Based on the Dee Brown book that caused a stir and prompted Marlon Brando to send a Native American to accept his Oscar for The Godfather (creating quite a stir), a screen version of Bury My Heart at Wounded Knee is long overdue.
The film is a competent telling of the other side of Manifest Destiny, with solid performances from Quinn, Anna Paquin, Simmons and a number of other familiar faces. For someone unfamiliar with this period in history, it could be a revelation.
The film takes a strange turn early, however, with a high-level discussion of who's to blame for the American/Indian violence that's an obvious parallel for Iraq, right down to General Sherman (Colm Feore) asking Senator Henry Dawes (Quinn, in a nod to Colin Powell), “What would you have us do, Dawes, cut and run?” The fact that undeclared GOP candidate Fred Dalton Thompson plays the hard-headed President Ulysses Grant in this case makes the scene all the more surreal.
The book and film are the story of the subjugation of a people, from the losing side. When the book was released, it was the first time that story had been told in a popular format.
So 30 years later we crave depth; we want to know more of the story than just the now-familiar series of brutal events. While this film fills in some of the blanks, it spends too much time covering what we know.
One nice bonus feature that seems aimed at addressing that is an option to display historical information to provide context while you watch the scene.
Other bonus materials include behind-the-scenes featurettes “The Heart of a People,” focusing on the Sioux participants and why the film is important to them, and “Telling the Story,” which explains the artistic process of the script.
The program received 17 Emmy nominations, including best made- for-TV movie, directing, writing, supporting actor (Quinn and Schellenberg) and supporting actress (Paquin). — Holly J. Wagner
Chill Out, Scooby-Doo!
Warner, Animated, $19.98 DVD, NR.
Scooby-Doo is a tricky mutt. For those raised on the mystery-solving adventures of Scooby, Shaggy, Daphne, Fred and Velma, the recent live-action films, the new animated series “What's New Scooby-Doo” and the many straight-to-DVD animated flicks are travesties. Heck, we're still mad about that whole Scrappy-Doo thing.
But it's hard to determine if the new renditions of Scooby-Doo are actually unbearable or if we're just too old to have patience for mysteries where it's obvious whodunit in the first five minutes. In Chill Out, Scooby-Doo!, the 11th DTV Scooby-Doo feature since 1998, all the original elements are present, including Casey Kasem's still-perfect vocal stylings for Shaggy.

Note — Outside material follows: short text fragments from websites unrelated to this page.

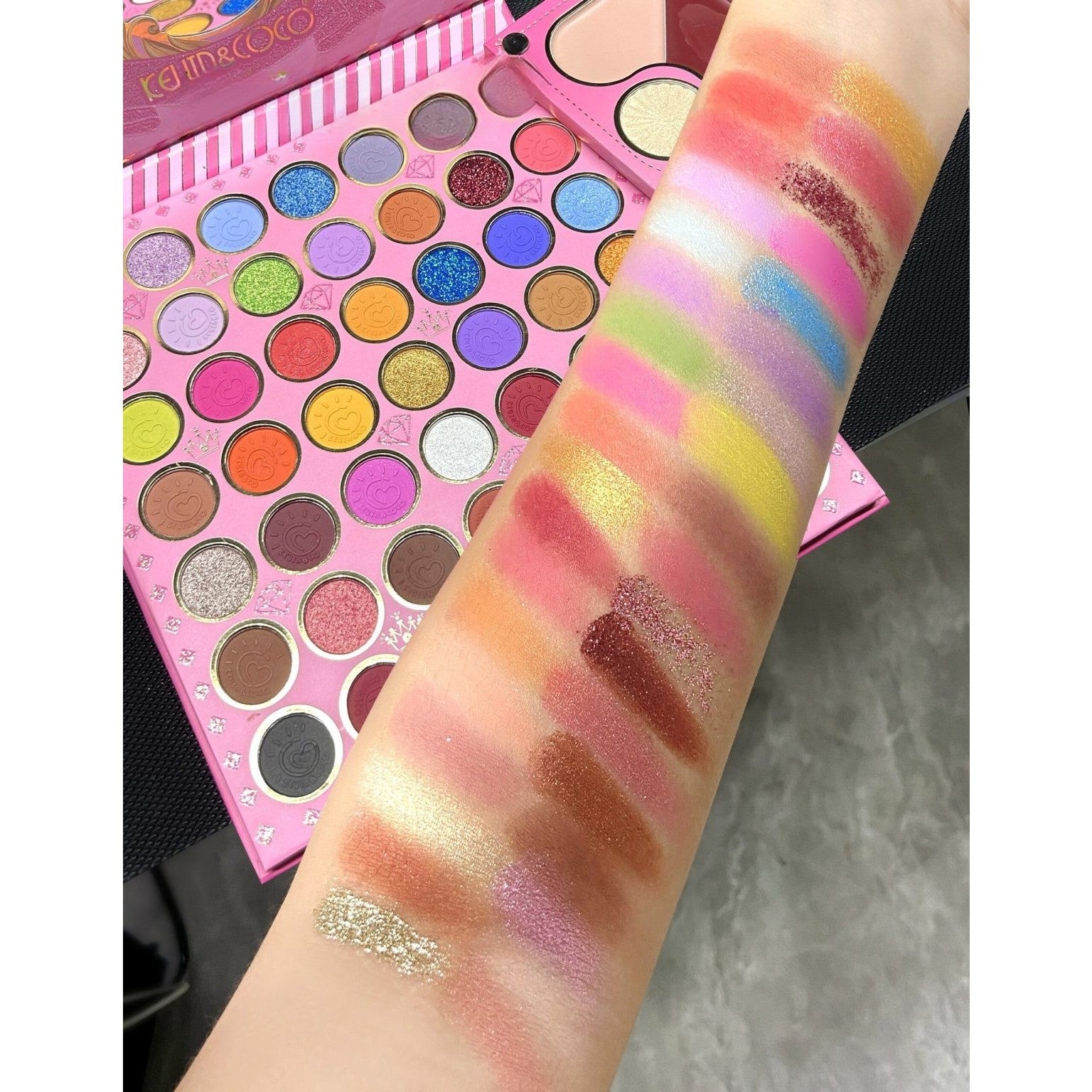 Trusa de Machiaj, KEVIN & COCO, Princess Palette. Fard de Pleoape, Iluminator, Corector, Ruj, 79 culori, 19.7 x 20 x 2 cm-8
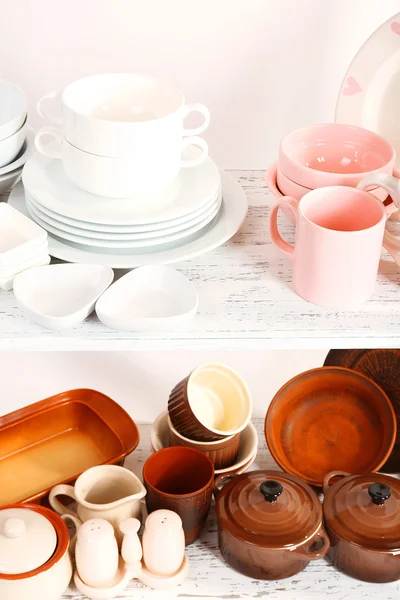 Vaisselle différente sur étagère — Photo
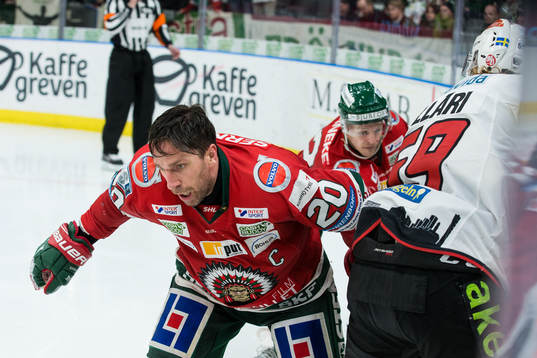 Frölundas Joel Lundqvist är på väg att lämna isen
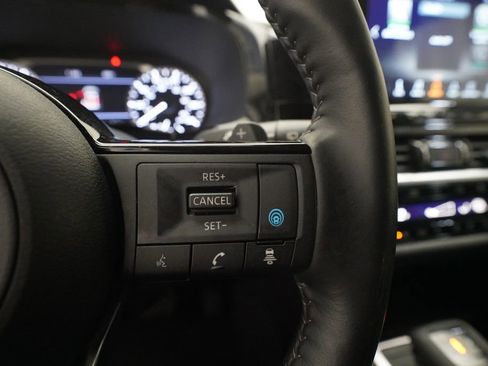 Certified 2024 Nissan Pathfinder SL image 20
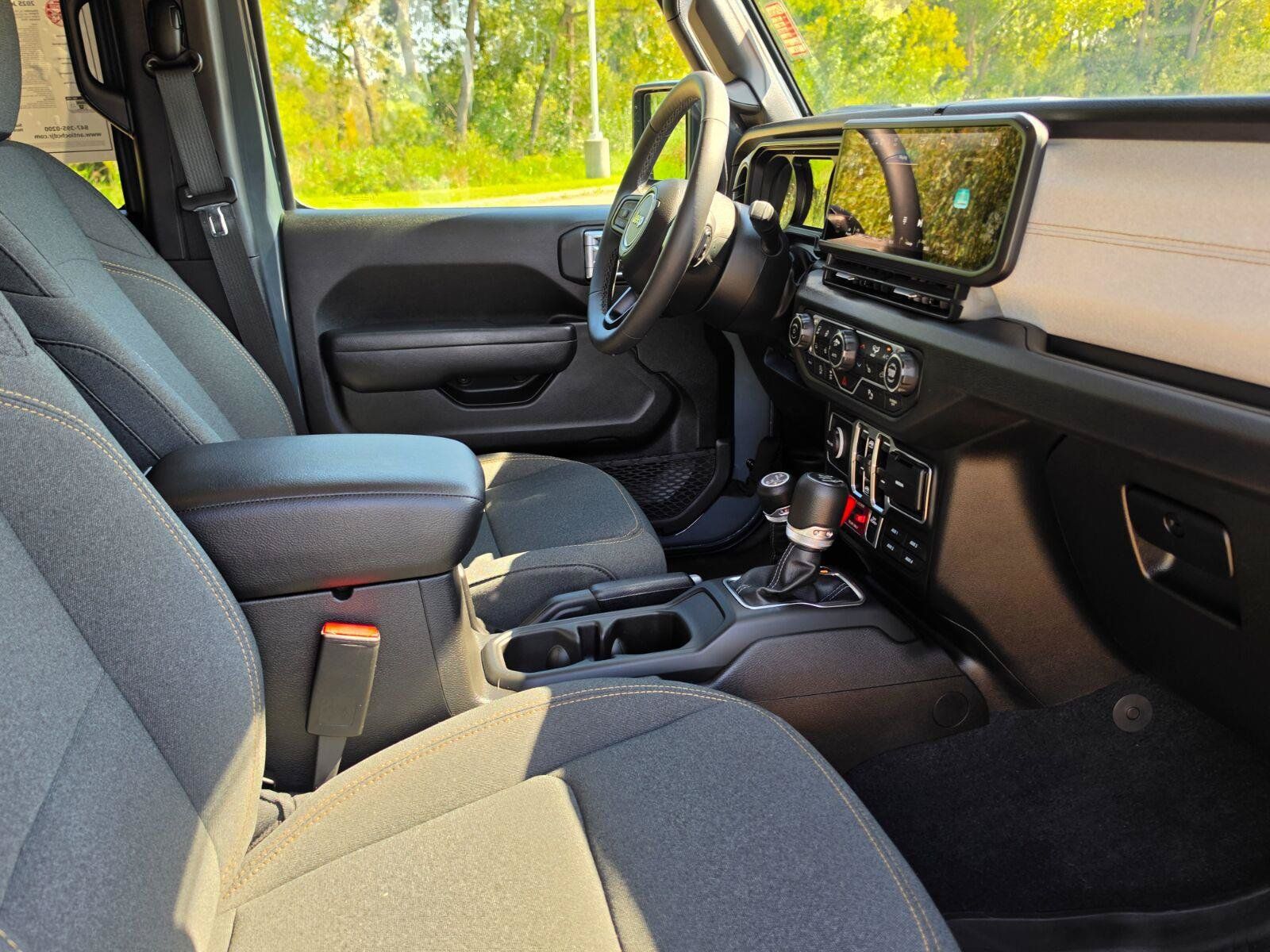 Used 2025 Jeep Wrangler Unlimited Sport AWD/4WD image 15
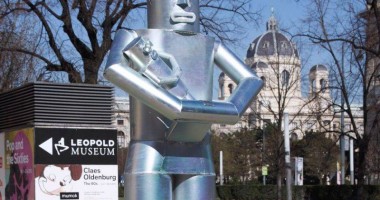 Na cultură! Cum cerșește un român cu ultima sa invenție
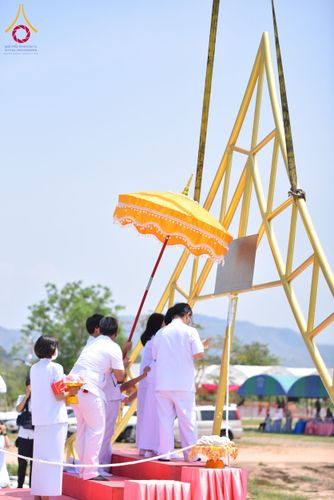 ภาพ No.131519:พิธีทอดผ้าป่ายกค้ำฟ้ามหามงคล อาคาร 80 ปี หลวงพ่อธัมมชโย ณ ศูนย์ปฏิบัติธรรมวิหารแดง ต.เจริญธรรม อ.วิหารแดง จ.สระบุรี วันที่ 17 มีนาคม พ.ศ. 2567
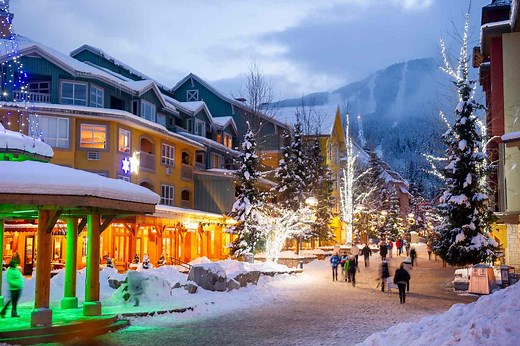 9 Hallmark Holiday Movie Towns You Can Actually Visit—With Romantic Châteaus, Skating Trails, and Elaborate Decor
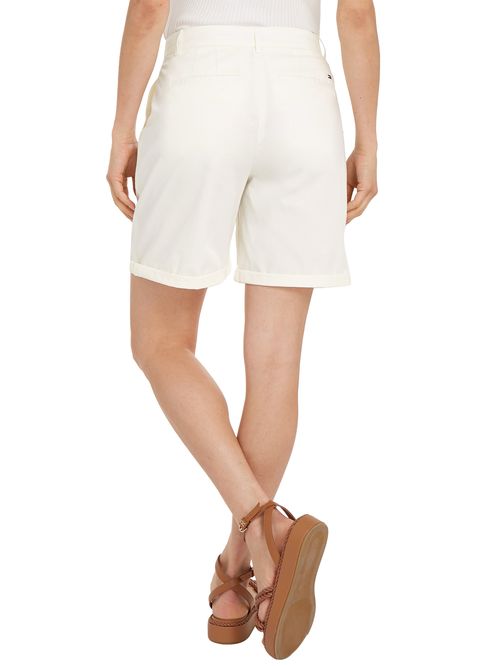 PANTALÓN CHINO CORTO CON BAJO CON VUELTA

Sure, Fred awkwardly pokes at a cell phone that has a magic GPS feature showing where the caller is, but at least the Mystery Machine hasn't turned into a hybrid.
The film is reminiscent of a handful of classic episodes that involved snow monsters. This time, Scooby and Shaggy find themselves shanghaied on Mount Everest with one very angry yeti.
The animation is crisp, and the vocal talent (including Rene Auberjonois and Alfred Molina), impressive. There are a few extras, including a deleted scene and a music video for “Pirates Song,” which, notably, has nothing to do with the film. The game “Scooby-Doo's Shangri-La Showdown” is a mild diversion but won't impress kids who are used to more reactive video games — this one actually tells you when to push the buttons, rather than letting a child figure it out for himself.
For all its slapstick humor, groan-worthy jokes and formulaic mysteries, “Scooby-Doo” is still an iconic franchise that hasn't lost its charm for both parents and their children. — Laura Tiffany
Elf Bowling: The Movie
Universal/Screen Media, Animated, $14.98 DVD, ‘PG' for some language and rude humor.
Christmas has inspired some certifiably insane kid flicks that, with the gift of time, have become kitsch classics — Santa Claus Conquers the Martians comes to mind.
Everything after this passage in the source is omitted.